CAMASU copied its mission statement almost verbatim from the African American Men of ASU, with a few obvious changes. Its supporters (at one time, the club had 40 members) told reporters that white males are quickly becoming a minority on college campuses and in America, and that their numbers are declining by outstanding percentages.
Um, not quite. Not in Arizona, and definitely not at Arizona State. In 2006, 283 black ASU students graduated with about 7,000 of their white peers.
Once again, Arizona became the national butt of a joke. Even Conan O’Brien made fun.
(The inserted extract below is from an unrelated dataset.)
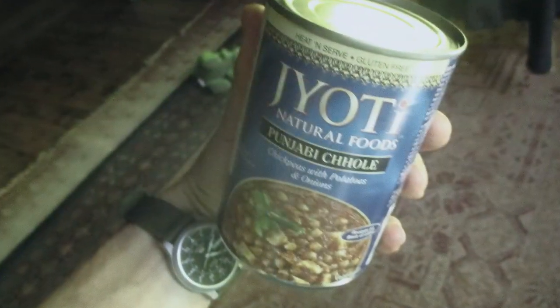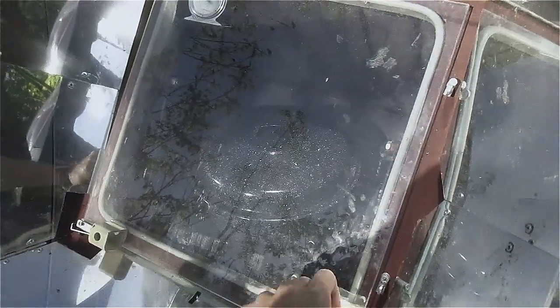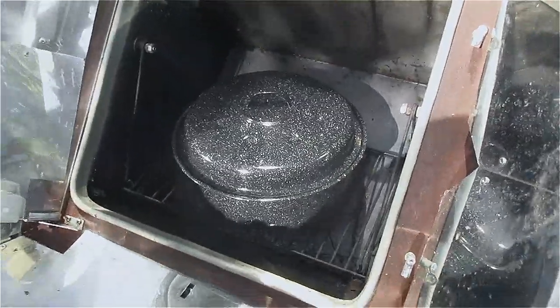Wild edibles aren't something only for a survival situation — it's just a great way of adding more nutrition to your diet, stretching your food. We're doing some Indian simmer sauce tonight, and I'm just going to throw it right on top of this.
“A group of students at Arizona State University have caused a controversy because they’ve been going by the name The Campus Caucasian Club,” O’Brien said in a November broadcast of Late Night. “Administrators have asked the group to go back to its original name, The Golf Team.”
Ah, the undervalued white male, always being told that his European descent is a shameful, shameful thing — which is why Western history dominates in the classroom, Western literature fills anthologies, and our political and legal institutions are chock full of white people.
But that’s not the best part. Turns out that Jezierski is so oppressed that he didn’t even start the club himself — a woman did. A woman who is not an ASU student.
The truth is that a woman started the Caucasian American Men of ASU: a blond-haired, blue-eyed former beauty pageant queen named Emily Mitchell, who never even went to Arizona State University.
Without Mitchell, an energetic 24-year-old hired gun dropped onto the ASU campus from South Carolina, Jezierski’s idea would likely have remained just that. Emily Mitchell looks like just another undergrad, but she’s actually a political organizer working for a Virginia-based nonprofit called the Leadership Institute.
The Leadership Institute was founded in the late ’70s to put young conservatives into prominent positions. Four years ago, LI started a campus leadership program. It’s Mitchell’s job to push students like Jezierski to become active in what she calls the conservative movement. She takes the kids from idea to action. And she relishes the controversy some of her organizations, like CAMASU, create.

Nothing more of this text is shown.